4. En second lieu, il résulte de l’instruction qu’à compter du 28 février 2017, M. A a perçu, pendant son congé de maladie reconnu imputable au service, des indemnités correspondant à son plein traitement calculé sur la base de son temps de travail à 60 %. Pour les mêmes motifs que ceux exposés au point précédent, M. A n’est pas fondé à soutenir qu’il aurait dû être indemnisé sur la base d’un temps plein.

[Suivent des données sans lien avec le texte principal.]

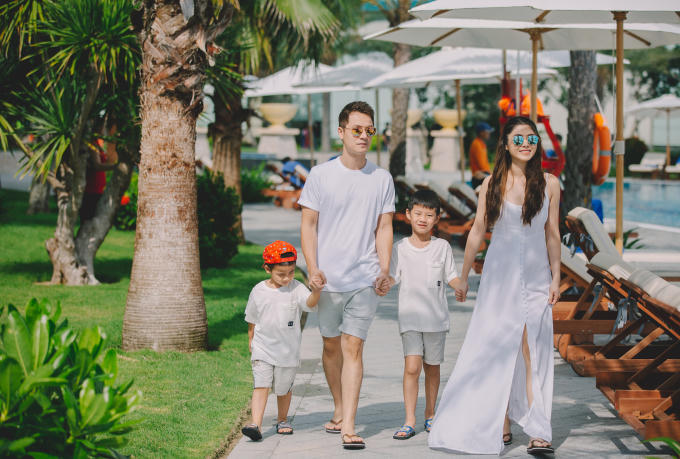 Đăng Kh&ocirc;i - Thủy Anh tiết lộ b&iacute; quyết giữa lửa hạnh ph&uacute;c gia đ&igrave;nh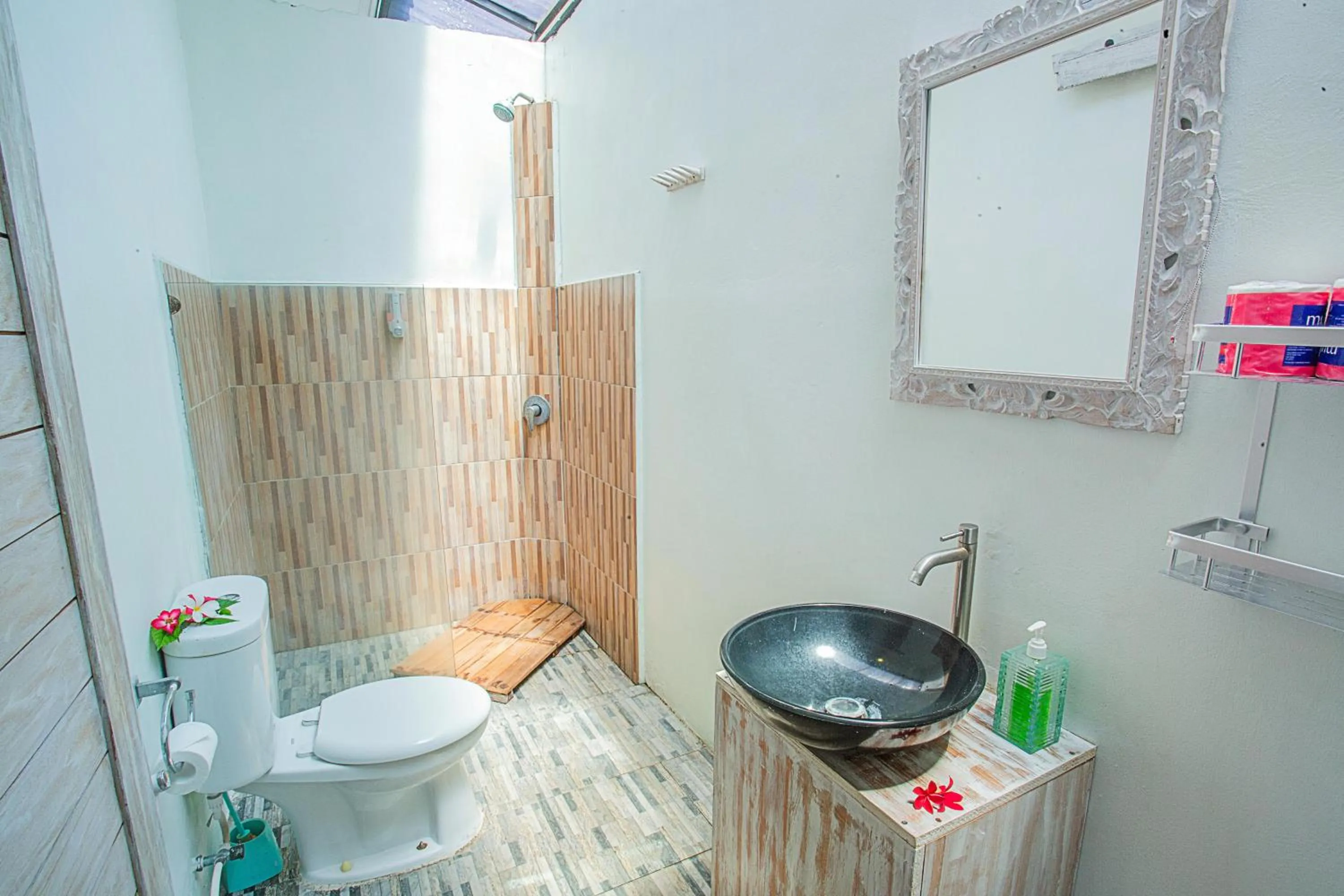 Bathroom in Naturale Guest House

5. Il résulte de ce qui précède, sans qu’il soit besoin d’examiner l’exception de prescription quadriennale opposée en défense, que les conclusions de M. A tendant à ce que la commune de Thiéfosse lui verse une somme de 57 099,66 euros à titre d’arriérés de traitement pour la période du 1er août 2016 au 30 avril 2022, et par voie de conséquence, les conclusions tendant à ce qu’il soit enjoint à la commune de reconstituer sa carrière, doivent être rejetées.
Sur les conclusions additionnelles :
6. Le requérant ne précise pas le fondement sur lequel la commune de Thiéfosse serait tenue de lui verser une somme de 1 667,13 euros par mois à partir de juin 2022, période pendant laquelle il a été placé en disponibilité d’office pour raison de santé, et des arriérés de prestations au titre de la prévoyance qu’il a souscrite auprès de la mutuelle nationale territoriale. Par suite, les conclusions en ce sens doivent être rejetées.
Sur les frais du litige :
7. La commune de Thiéfosse n’étant pas la partie perdante dans la présente instance, les conclusions de M. A tendant à la mise à la charge d’une somme sur le fondement de l’article L. 761-1 du code de justice administrative doivent être rejetées.
8. Dans les circonstances de l’espèce, il n’y a pas lieu de faire droit aux conclusions de la commune de Thiéfosse présentées sur le même fondement.
D E C I D E :
Article 1er : La requête de M. A est rejetée.
Article 2 : Les conclusions de la commune de Thiéfosse présentées sur le fondement de l’article L. 761-1 du code de justice administrative sont rejetées.
Article 3 : Le présent jugement sera notifié à M. B A et à la commune de Thiéfosse.
Délibéré après l’audience du 22 avril 2025, à laquelle siégeaient :
M. Coudert, président,
Mme Milin-Rance, première conseillère,
Mme Grandjean, première conseillère.
Rendu public par mise à disposition au greffe le 13 mai 2025.
La rapporteure,
F. Milin-Rance
Le président,
B. Coudert
La greffière,
I. Varlet
La République mande et ordonne à la préfète de Meurthe-et-Moselle en ce qui la concerne ou à tous commissaires de justice à ce requis en ce qui concerne les voies de droit commun contre les parties privées, de pourvoir à l’exécution de la présente décision.